Need a little help from my friends
AJ ONeal (Home)
coolaj86 at gmail.com
Fri Mar 22 16:38:45 MDT 2019
> The current owner of that username on github is *not* a spammer. There is
> no content on the profile, repos, etc. that shows spamming like behavior.
> Therefore reporting this user as a spammer is dishonest and likely won't
> have an effect. A moderator will take a look at the account and see no
> spamming and ignore the reports.
I should have said "malicious" rather than "spam". I meant "spam"
generically as in "bot" / "junk" / "disruptive" / "attacker".
> Additionally, starting a mob campaign to abuse the "Report User" function
> is unethical.
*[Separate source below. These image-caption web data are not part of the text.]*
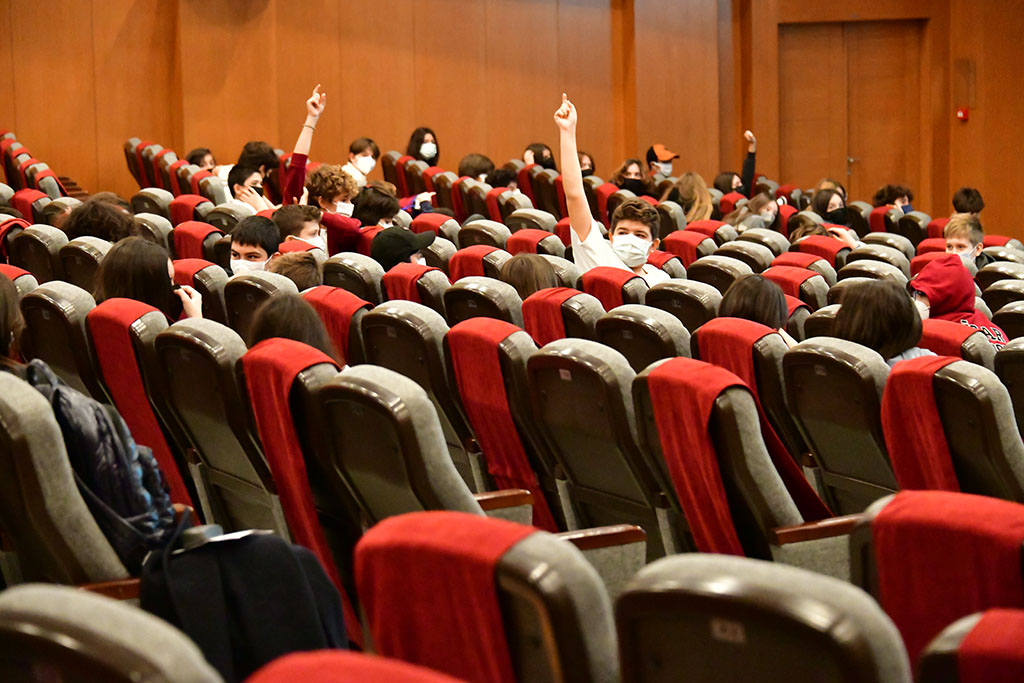 7. Sınıf Öğrencilerimiz “Yeme Bozuklukları” Konulu Seminere Katıldı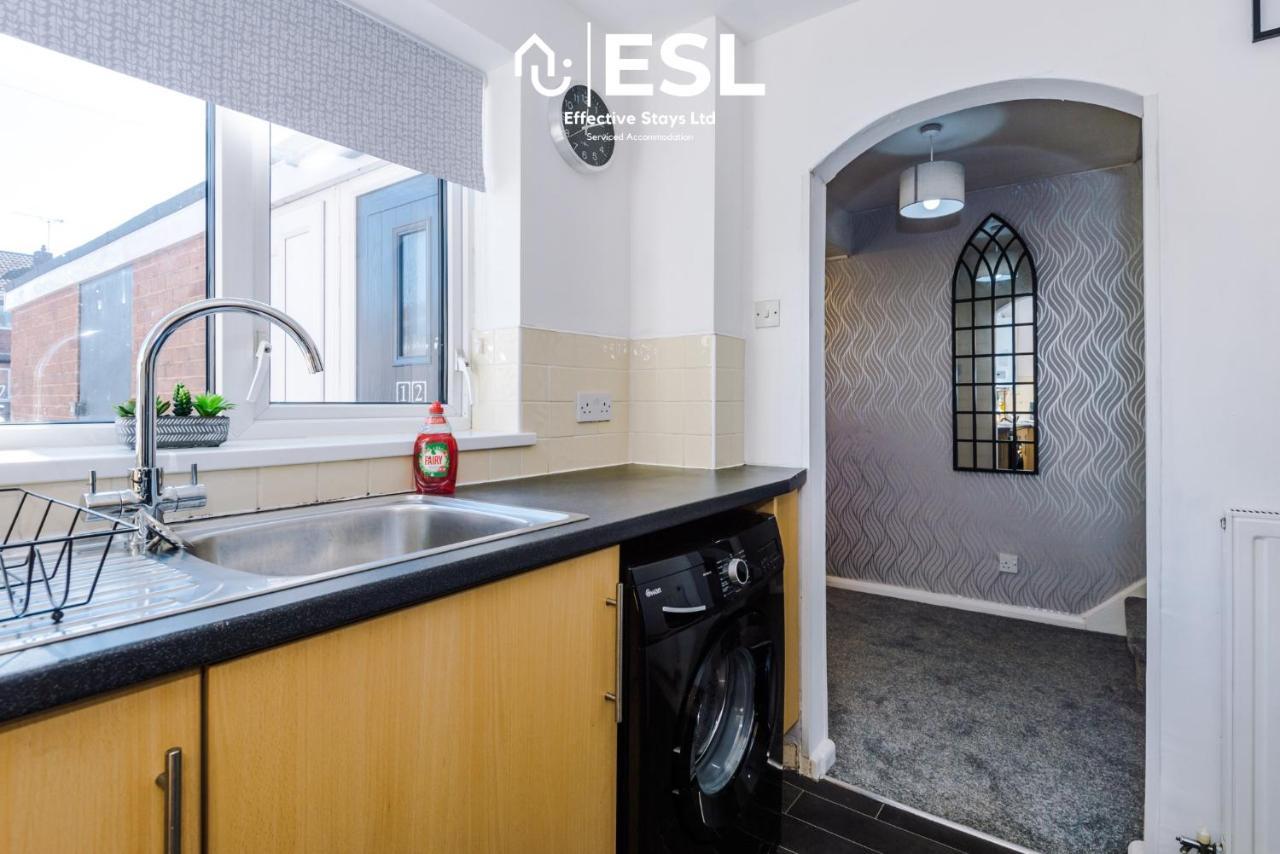 3 Bedroom House With Garden And Driveway Parking - Less Than 10 Mins From Chester City Centre Zewnętrze zdjęcie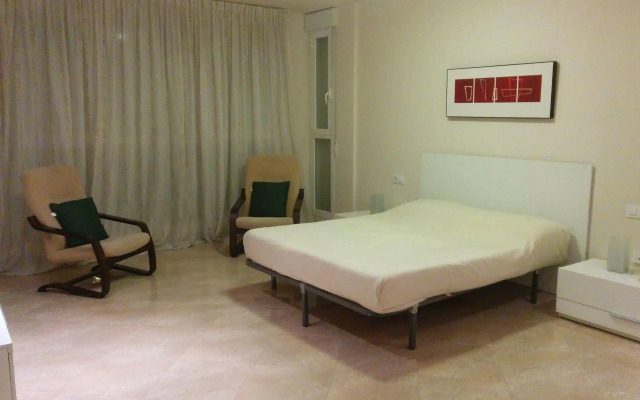 Realrent Jardines de Viveros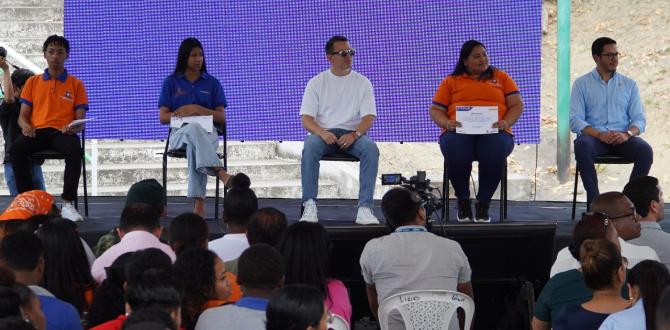 La entrega se realizó en la Universidad Vargas Torres.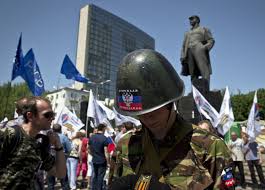 DonetskSoldierHelmetLenin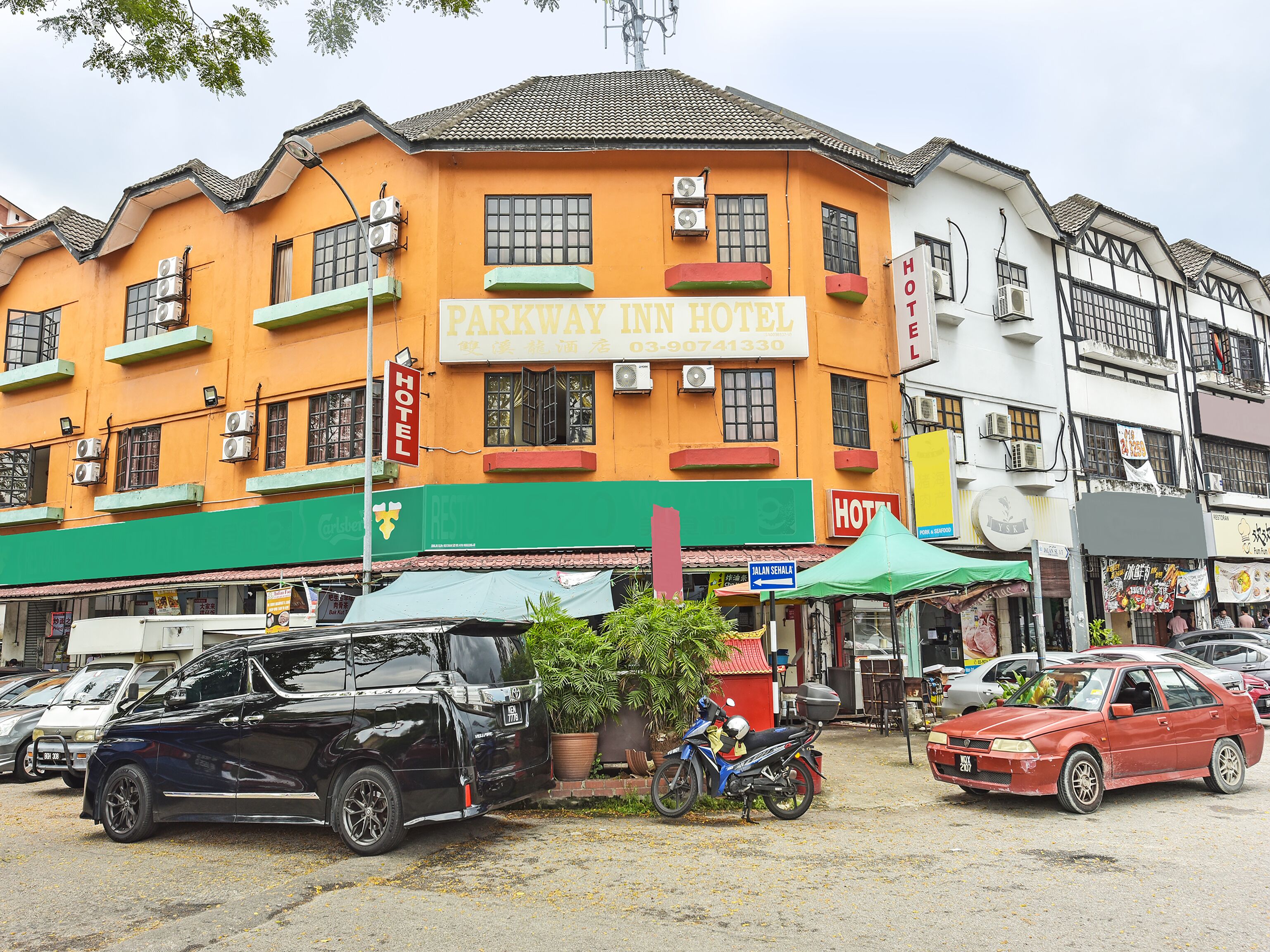 Parkway Inn Hotel by OYO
You should use proper channels to get support from Github.
I've reported it myself and I'm asking those who know me to do the same.
That *is* the proper support channel.
> The current profile shows the account was created March 9, 2019. If your
> account was hacked then deleted so the new owner could start over, then you
> have a good clear case for Github support to reclaim your username.
I moved from https://github.com/coolaj86 to https://github.com/solderjs
My intent was to wait a few weeks to give Google time to follow the 302s
and then protect myself from such an attack by recreating the account under
my old name. However, when I went back to do so, the attacker had already
made their move.
Had my account been a generic name that many people would like to use, then
we could say that perhaps the attacker was not an attacker, just eager and
However, coolaj86 is a brand name that I've used exclusively. The only
other coolaj86s on the Internet are spam accounts - typically porn (such as
the .org and .net of the same name, which I once owned and let lapse since
I only used the .com).
In the case of go-bindata, the person who "hijacked" the account was trying
to restore broken functionality. Since the redirects were proper and the
repositories were not deleted, we can safely say that the attacker is not
trying to restore something broken.
I do see one other possible option:
It may have been someone who knew about the vulnerability and, fearing that
something might go wrong in the future, decided to take action now.
In that case, however, I believe that it would have been ethical and
appropriate for them to reach out to me.
At first I also thought that perhaps I did it late one night and forgot
about it, but the email address I've been using for the transitional
accounts didn't have an email about a new github account it and there is no
public information - and I'm fairly certain I would have put up something
like I have on twitter alerting people where the content was moved.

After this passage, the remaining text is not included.